Sometimes you're working on a new project and realize that you need to do something in the same way as you did in another project. This thing might not be a functionality or a library, it might not be something which you can encode into some clever macro or small crate. Instead, it may be simply a pattern, or a structural concept which addresses a problem nicely.

One interesting pattern that is commonly applied to problems is that of the 'State Machine'. Let's take some time to consider what exactly we mean when we say that, and why they're interesting.

Throughout this post you can run all examples in the playground, I typically use 'Nightly' out of habit.

There are a lot of resources and topical articles about state machines out there on the internet. Even more so, there are a lot of implementations of state machines.

Just to get to this web page you used one. You can model TCP as a state machine. You can model HTTP requests with one too. You can model any regular language, such as a regex, as a state machine. They're everywhere, hiding inside things we use every day.

So, a State Machine is any 'machine' which has a set of 'states' and 'transitions' defined between them.

When we talk about a machine we're referring to the abstract concept of something which does something. For example, your 'Hello World!' function is a machine. It is started and eventually outputs what we expect it to. Some model which you use to interact with your database is just the same. We'll regard our most basic machine simply as a struct that can be created and destroyed.

struct Machine;

fn main() {
  let my_machine = Machine;   }

States are a way to reason about where a machine is in its process. For example, we can think about a bottle filling machine as an example. The machine is in a 'waiting' state when it is waiting for a new bottle. Once it detects a bottle it moves to the 'filling' state. Upon detecting the bottle is filled it enters the 'done' state. After the bottle is left the machine we return to the 'waiting' state.

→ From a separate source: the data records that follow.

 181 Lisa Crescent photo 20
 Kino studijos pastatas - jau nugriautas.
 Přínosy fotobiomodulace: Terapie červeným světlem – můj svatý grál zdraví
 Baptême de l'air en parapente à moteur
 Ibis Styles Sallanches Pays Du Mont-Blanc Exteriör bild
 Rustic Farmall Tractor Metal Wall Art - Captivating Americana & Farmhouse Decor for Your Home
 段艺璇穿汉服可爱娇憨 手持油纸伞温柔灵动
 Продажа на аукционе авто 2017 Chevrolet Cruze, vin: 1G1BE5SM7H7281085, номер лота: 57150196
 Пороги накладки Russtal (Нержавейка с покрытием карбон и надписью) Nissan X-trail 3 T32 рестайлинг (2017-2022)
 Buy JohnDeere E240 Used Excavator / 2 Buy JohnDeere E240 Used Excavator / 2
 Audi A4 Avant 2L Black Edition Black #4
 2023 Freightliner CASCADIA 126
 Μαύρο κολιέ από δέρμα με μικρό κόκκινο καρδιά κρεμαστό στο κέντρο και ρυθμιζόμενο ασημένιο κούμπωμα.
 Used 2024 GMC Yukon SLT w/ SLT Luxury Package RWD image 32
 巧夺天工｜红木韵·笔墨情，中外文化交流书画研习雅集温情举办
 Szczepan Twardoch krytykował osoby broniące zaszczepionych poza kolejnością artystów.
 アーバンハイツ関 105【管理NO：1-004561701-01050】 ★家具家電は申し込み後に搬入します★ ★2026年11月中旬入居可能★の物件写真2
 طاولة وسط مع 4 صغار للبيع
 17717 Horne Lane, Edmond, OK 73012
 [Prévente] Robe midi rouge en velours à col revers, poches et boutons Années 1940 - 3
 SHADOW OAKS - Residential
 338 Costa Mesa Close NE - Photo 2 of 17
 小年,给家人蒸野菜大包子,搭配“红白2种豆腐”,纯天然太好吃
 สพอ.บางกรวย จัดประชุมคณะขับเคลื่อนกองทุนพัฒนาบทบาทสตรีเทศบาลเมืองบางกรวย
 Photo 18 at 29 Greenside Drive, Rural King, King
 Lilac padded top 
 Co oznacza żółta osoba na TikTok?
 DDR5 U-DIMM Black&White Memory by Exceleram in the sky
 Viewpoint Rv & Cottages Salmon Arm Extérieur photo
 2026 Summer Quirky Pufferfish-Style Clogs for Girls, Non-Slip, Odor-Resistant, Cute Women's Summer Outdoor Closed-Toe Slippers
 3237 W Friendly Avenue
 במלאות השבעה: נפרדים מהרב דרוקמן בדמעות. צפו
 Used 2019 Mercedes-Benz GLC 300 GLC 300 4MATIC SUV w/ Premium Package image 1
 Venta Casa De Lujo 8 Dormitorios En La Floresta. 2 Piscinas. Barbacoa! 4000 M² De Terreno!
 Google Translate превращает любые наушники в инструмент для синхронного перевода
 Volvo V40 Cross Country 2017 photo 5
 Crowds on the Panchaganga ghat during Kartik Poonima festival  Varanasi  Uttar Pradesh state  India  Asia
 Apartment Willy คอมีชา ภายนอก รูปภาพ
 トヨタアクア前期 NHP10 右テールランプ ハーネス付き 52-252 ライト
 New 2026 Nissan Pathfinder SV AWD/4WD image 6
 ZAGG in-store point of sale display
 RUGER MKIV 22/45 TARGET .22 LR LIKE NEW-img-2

A key takeaway here is that none of the states have any information relevant for the other states. The 'filling' state doesn't care how long the 'waiting' state waited. The 'done' state doesn't care about what rate the bottle was filled at. Each state has discrete responsibilities and concerns. The natural way to consider these variants is as an enum.

enum BottleFillerState {
  Waiting { waiting_time: std::time::Duration },
  Filling { rate: usize },
  Done,
}

struct BottleFiller {
  state: BottleFillerState,
}

Using an enum in this way means all the states are mutually exclusive, you can only be in one at a time. Rust's 'fat enums' allow us to have each of these states to carry data with them as well. As far as our current definition is concerned, everything is totally okay.

But there is a bit of a problem here. When we described our bottle filling machine above we described three transitions: Waiting -> Filling, Filling -> Done, and Done -> Waiting. We never described Waiting -> Done or Done -> Filling, those don't make sense!

This brings us to the idea of transitions. One of the nicest things about a true state machine is we never have to worry about our bottle machine going from Done -> Filling, for example. The state machine pattern should enforce that this can never happen. Ideally this would be done before we even start running our machine, at compile time.

Let's look again at the transitions we described for our bottle filler in a diagram:

  +++++++++++   +++++++++++   ++++++++
  |         |   |         |   |      |
  | Waiting +-->+ Filling +-->+ Done |
  |         |   |         |   |      |
  ++++-++++-+   +++++++++++   +--+++++
       ^                         |
       +++++++++++++++++++++++++-+

As we can see here there are a finite number of states, and a finite number of transitions between these states. Now, it is possible to have a valid transition between each state and every other state, but in most cases this is not true.

This means moving between a state such as 'Waiting' to a state such as 'Filling' should have defined semantics. In our example this can be defined as "There is a bottle in place." In the case of a TCP stream it might be "We have received a FIN packet" which means we need to finish closing out the stream.

Now that we know what a state machine is, how do we represent them in Rust? First, let's think about what we want from some pattern.

Ideally, we'd like to see the following characteristics:

  • Can only be in one state at a time.
  • Each state should have its own associated values if required.
  • Transitioning between states should have well defined semantics.
  • It should be possible to have some level of shared state.
  • Only explicitly defined transitions should be permitted.
  • Changing from one state to another should consume the state so it can no longer be used.
  • We shouldn't need to allocate memory for all states. No more than largest sized state certainly
  • Any error messages should be easy to understand.
  • We shouldn't need to resort to heap allocations to do this. Everything should be possible on the stack.
  • The type system should be harnessed to our greatest ability.
  • As many errors as possible should be at compile-time.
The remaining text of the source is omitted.